MyPillow, a Minnesota-based bedding manufacturer founded by Mike Lindell, has been targeted by a ransomware group. This adds the company to a growing list of organizations that are currently under cyber extortion threats. As a result of the unauthorized access to a broad range of sensitive corporate and personal records, identified as Play, the threat actor claims that payroll data, financial information, tax information, identification information, and internal business files have been exfiltrated.
The claims have attracted attention due to the sensitive nature of the alleged exposed data, even though Lindell has denied the allegations and described them as politically motivated. As a result of this incident, the risks associated with modern ransomware campaigns are evolving, resulting from increased data theft and public exposure, which often accompany or replace traditional file encryption methods.

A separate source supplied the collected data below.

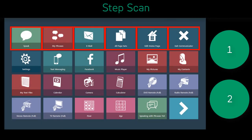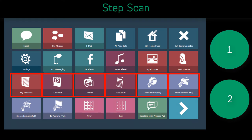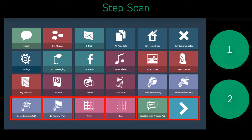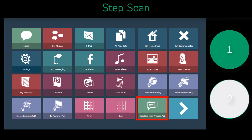As you watch the video, notice the scan indicator, or the red outline, and the two switches on the right side of the screen. Notice how the scan indicator does not follow a regular speed and transition. Also notice how the individual will activate switch 1 to move the scan through the options on the screen, and then will use switch 2 to make a selection.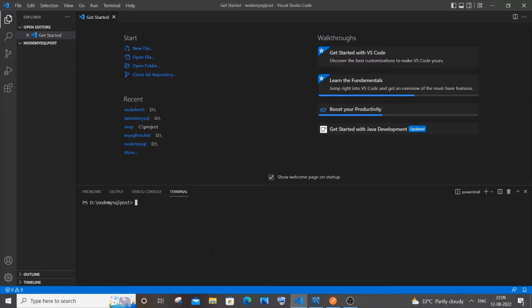Hi everyone, in this video I'll be showing you how to post data in MySQL using Node.js and Postman. So let's get started. The first thing we need to do is install the libraries. We need two libraries: one is Express and another one is MySQL. Go to your folder path in the terminal of Visual Studio Code and type 'npm i express mysql' and hit enter.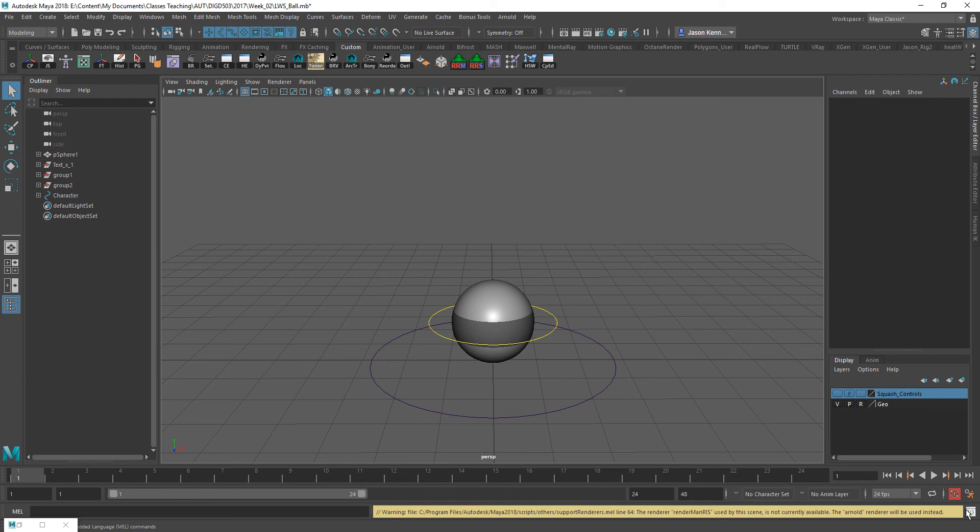In this tutorial, we're going to take a look at a really strange error that we get sometimes when we're working with a file that has been opened in a version of Maya that has the Yeti plugin enabled.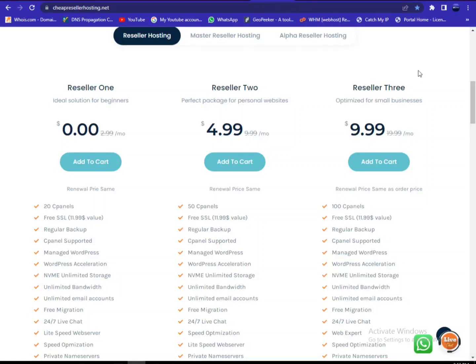Today we will learn how to reset your cPanel or WHM password while you are using cheapresellerhosting.net.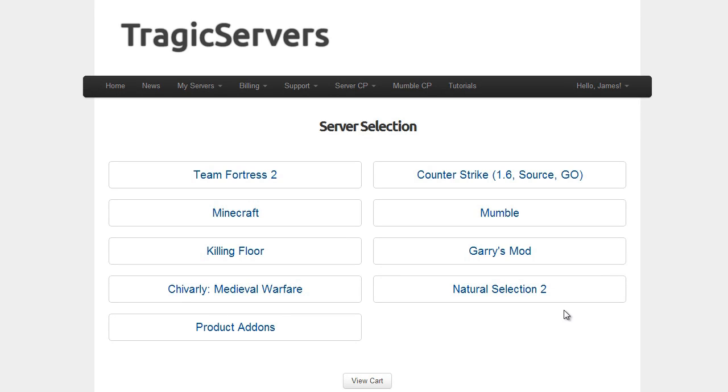Hello everybody, my name is Schwann and in this tutorial we're going to talk about how to properly administrate a Mumble server that you bought from tragicservers.com.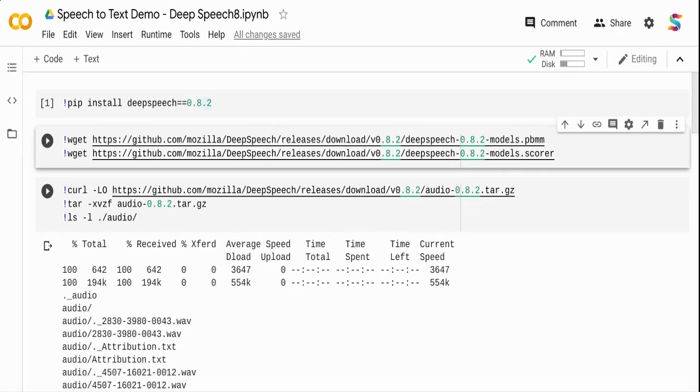Hi, in this video we are going to see how we can perform speech to text using deep speech package.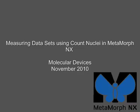Measuring data sets using count nuclei in Metamorph NX. This video proceeds through the steps of making measurements on your experimental images using count nuclei.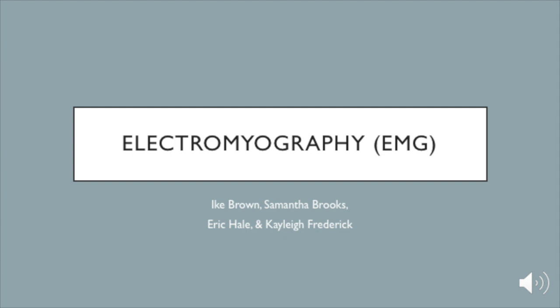Today we are going to talk about electromyography, specifically how to use the DELSYS EMG system through the Vicon Motion Capture System.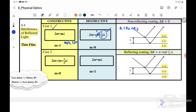For case two, the ray travels from less dense to denser and then back to less dense — meaning n1 is smaller than n2, but n2 is greater than n3. For case two, the constructive equation is 2nt = (m + ½)λ where m equals zero. For destructive, 2nt = mλ where m equals 1; m cannot equal zero because that would make the thickness zero. These are the equations we will use for thin film.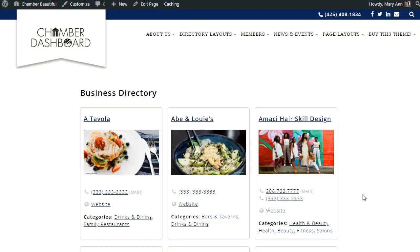There are a lot of options for displaying your directory's homepage. Visit our documentation pages at chamberdashboard.com for more information. Thanks for using Chamber Dashboard!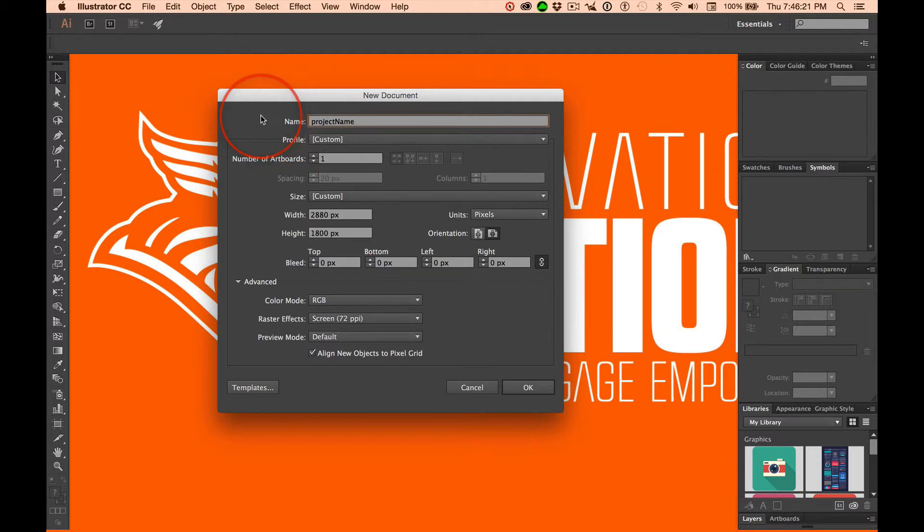And if it's a series of projects, 01. Start with a zero, and then the integer. 01, 02...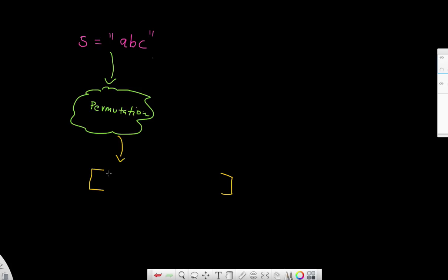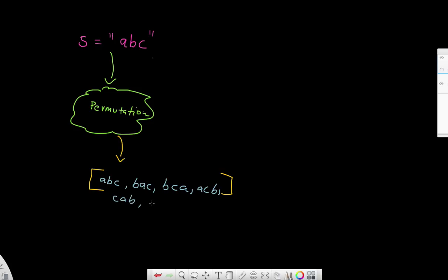What are all possible permutations for the string ABC? For ABC, one permutation is ABC, another is BAC, a third is BCA, then ACB, then CAB, and the last one is CBA.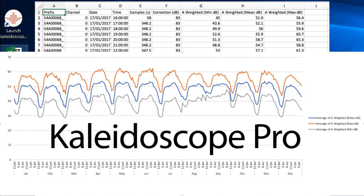Kaleidoscope Pro is a powerful tool for audio analysis, including minimum, average, maximum, and cumulative sound pressure levels.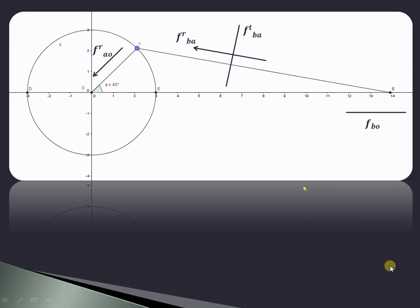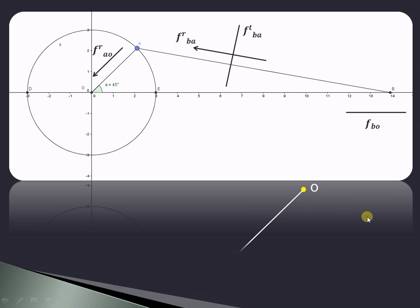Let us consider the fixed point O in space. From O, we draw our first vector — the radial or centripetal acceleration of A with respect to O. Since this acceleration is directed towards the center O, we draw a vector parallel to this direction from O at a suitable scale to a certain length. The second vector is F_R_BA, the radial or centripetal acceleration of B with respect to A.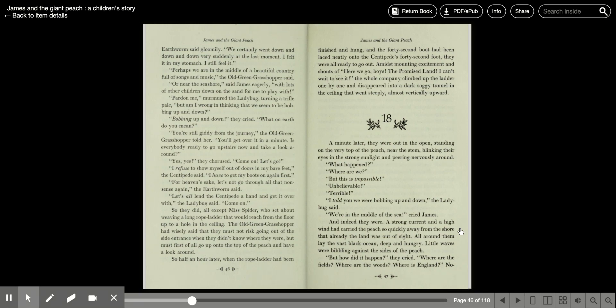But am I wrong in thinking that we seem to be bobbing up and down? Bobbing up and down, they cried. What on earth do you mean? You're still giddy from the journey, the old green grasshopper told her. You'll get over it in a minute. Is everybody ready to go upstairs now and take a look around?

MyPillow has become increasingly aware that its network has been compromised and its company data has been stolen as further details emerge from the alleged intrusion. It was reported that CEO Mike Lindell dismissed the claims when they first emerged in May 2025, however, the threat actors later released approximately 9.8 gigabytes of data via a dark-web leak portal, a tactic commonly used to pressure organizations unwilling to negotiate ransom.
There are 11,456 files reported in the dataset dating from 2011 through 2026, indicating that historical records of the company have been preserved alongside more recent information about the company.
This exposure indicates that the attackers obtained sensitive operational data, including payroll records and financial transactions, indicating the potential depth of the compromise, as well as raising further concerns about how long unauthorised access will remain within the company's network.
Play's dark-web leak portal revealed the allegations of MyPillow, listing the company among its claimed victims and setting a deadline for public release of purportedly stolen information if ransom negotiations failed. The allegations gained further visibility when MyPillow appeared there.
Ransomware operations are evolving in a broader sense, with attackers increasingly stealing data and threatening to publish it, as opposed to relying solely on file encryption to threaten victims.
In the ransomware ecosystem, data-centric extortion tactics are becoming increasingly popular.
Modern threat groups increasingly prioritize stealing sensitive information over system encryption as a means of disrupting business operations. By leveraging the threat of public disclosure, they are exerting pressure on victims by leveraging the theft of sensitive information. By adopting this approach, organisations become more vulnerable to reputational damage, regulatory scrutiny, legal liabilities, and heightened concerns about employee and customer privacy as a result of an incident.
The lack of verification can lead to unverified claims of data compromise quickly escalating to a broader business risk, prompting questions about the security posture of the organization and the integrity of data that has been entrusted to it from stakeholders, partners, insurers, and regulators.
In addition to the nature of the alleged cyber intrusion, the incident has gained heightened public attention as a result of the company's and its leadership's high profile.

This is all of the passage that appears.